La notte più breve, la notte più bella
Siamo nel solstizio d'estate, la notte più breve e magica dell'anno, quando il sole è all'apice della sua luce e si ricongiunge con la luna per iniziare il suo ciclo calante. Questo giorno era considerato sacro nelle tradizioni popolari e nelle religioni celtiche e nordiche in cui si esaltavano il potere del fuoco e della luce, delle acque e della terra feconda di erbe, di messi e di fiori. In tutte le campagne del nord Europa l'attesa del Sole era, ed è tutt'oggi, propiziata dai falò accesi sulle colline e sui monti, perché da sempre con il Fuoco si mettono in fuga le tenebre e con esse gli spiriti maligni, le streghe ed i demoni vaganti nel cielo. Le streghe infatti durante questa notte si riunivano sotto grandi alberi al chiaro di luna alla ricerca di erbe magiche, ma gli uomini, conoscendo le loro intenzioni, le tenevano lontane con alti fuochi e, facendo dei cerchi attorno ai falò, chiudevano ad esse ogni possibilità di unirsi a loro. Attorno ai fuochi si cantava e danzava, era una notte magica, una notte di prodigi: le acque trovavano voci e parole cristalline, le fiamme disegnavano promesse d'amore e di fortuna, mentre il Male si dissolveva sconfitto.
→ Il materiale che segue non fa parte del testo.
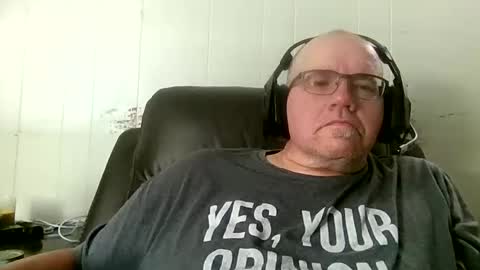 usstarr1 online show from April 28, 3:39 pm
Oggi la Festa del Fuoco prevede due momenti di spettacolo: una prima parte in cui danze aeree, trampoli, effetti pirotecnici e fuoco vivo incantano i presenti in un turbinio di emozioni; la seconda parte, costituita da una rappresentazione di miti e leggende popolari della Lessinia. Lo stesso paese di Giazza si trasforma in scenografia, Lo spettacolo culmina con l'arrivo delle fiaccole portatrici di luce e di speranza, seguite da Aissa Maissa, la regina delle Fade, che assieme alle sue giovani ancelle, aiuta i boscaioli cimbri ad allontanare le tenebre scacciando l'orco o le minacciose strie (streghe), liberandoli così dai loro malvagi sortilegi. La Festa termina con l'accensione dei 13 bracieri, simbolo dell'unione delle antiche tredici comunità cimbre della Lessinia, attorno ai quali le fiaccolanti e le fade invitano i presenti ad unirsi per danzare in cerchio, così da tenere lontane le streghe e il male.
La storia del 13 comuni
Giazza (Ljetzan) è la culla dei Cimbri, popolazione di origine bavaro-tirolese che si stanziò nella zona attorno al 'XII-XIII sec. introducendovi una cultura alternativa ed un'economia basata sulla produzione di carbone e calce: l'ultimo baluardo dove tuttora gli abitanti mantengono vive le tradizioni e l'antica parlata germanica, detta localmente tauc. A seguito dell'arrivo dei Cimbri, il vescovo di Verona Bartolomeo della Scala, il 5 febbraio 1287 concesse al nutrito gruppo di coloni di origine tedesca, il vasto territorio disabitato a nord di Roverè Veronese, più comunemente noto col nome di «Montagne dei Lessini». I coloni avevano il permesso di disboscare il territorio, creare pascoli per il bestiame e costruire masi. Erano inoltre liberi di amministrarsi, di eleggere i propri parroci parlanti la loro lingua, di conservare le proprie tradizioni e di unirsi in comunità più numerose.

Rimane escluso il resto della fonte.